### What is expected
Every line of the data below must be output exactly, with images left out.

### Data provided
※

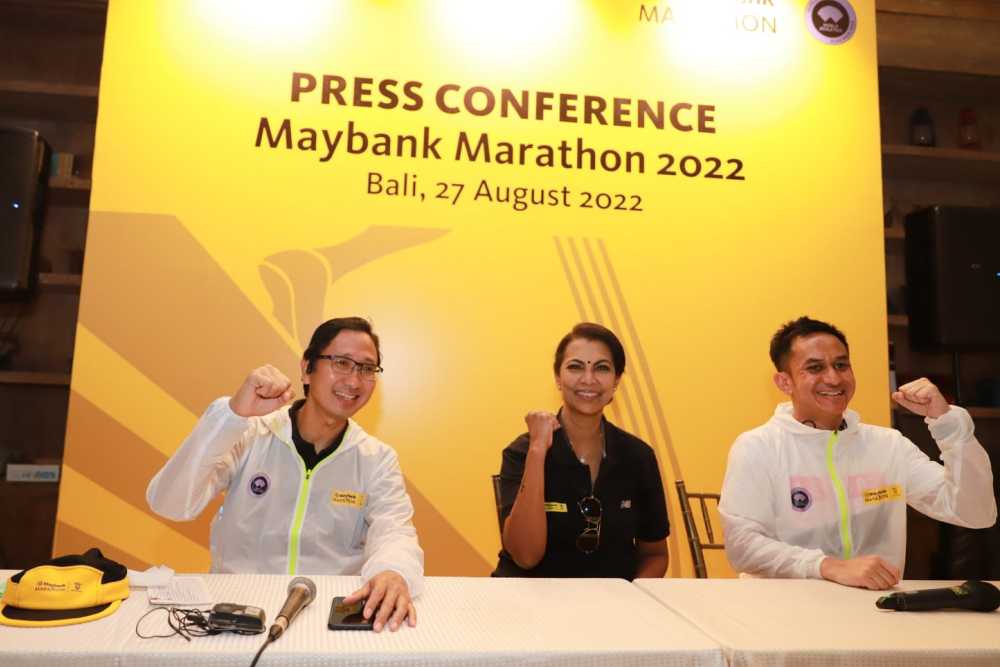 Maybank Marathon 2022 dan Perhatian Ekstra pada Aspek Keselamatan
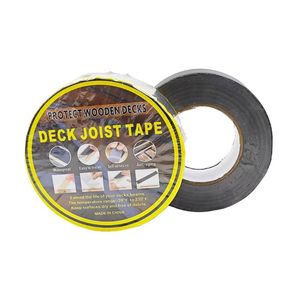 Heavy-Duty Butyl Tape for Superior Deck Joist Protection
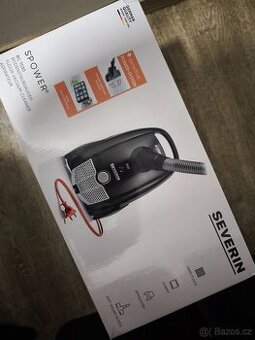 Vysavač Severin BC7030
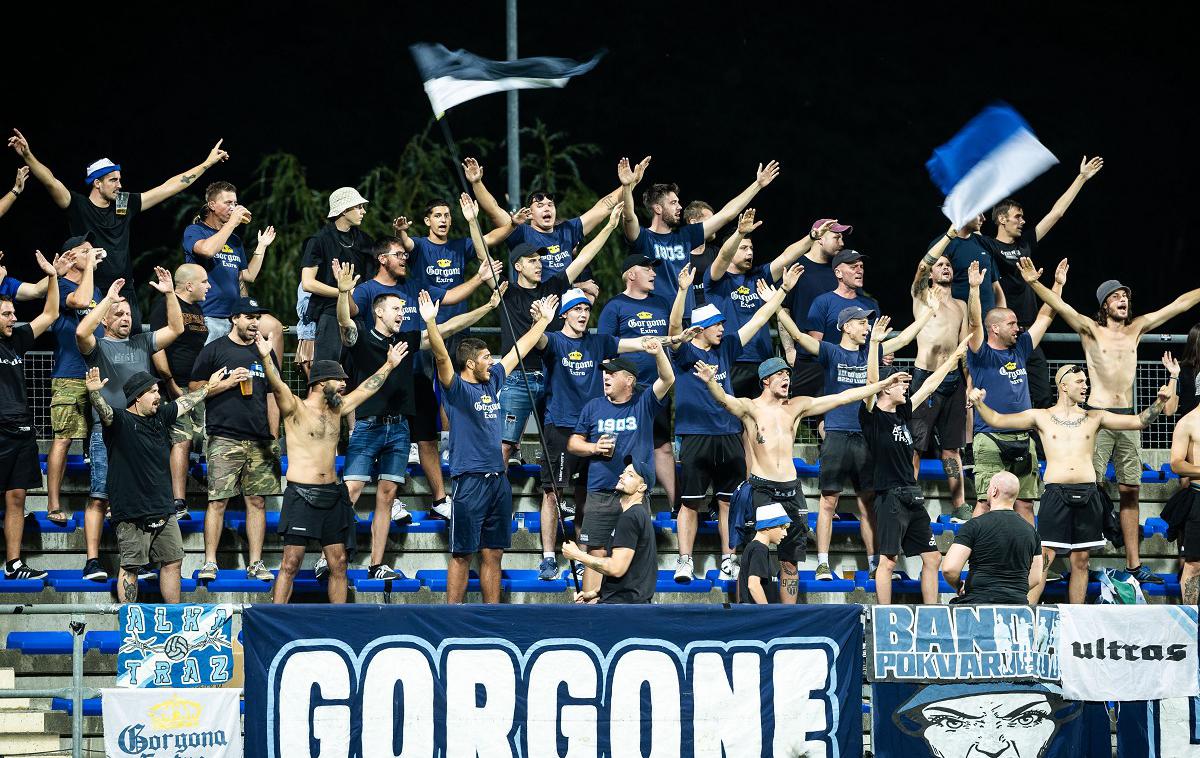 Gorgone Lendava Nafta | Foto Jure Banfi/alesfevzer.com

※

### Task output
 Maybank Marathon 2022 dan Perhatian Ekstra pada Aspek Keselamatan
 Heavy-Duty Butyl Tape for Superior Deck Joist Protection
 Vysavač Severin BC7030
 Gorgone Lendava Nafta | Foto Jure Banfi/alesfevzer.com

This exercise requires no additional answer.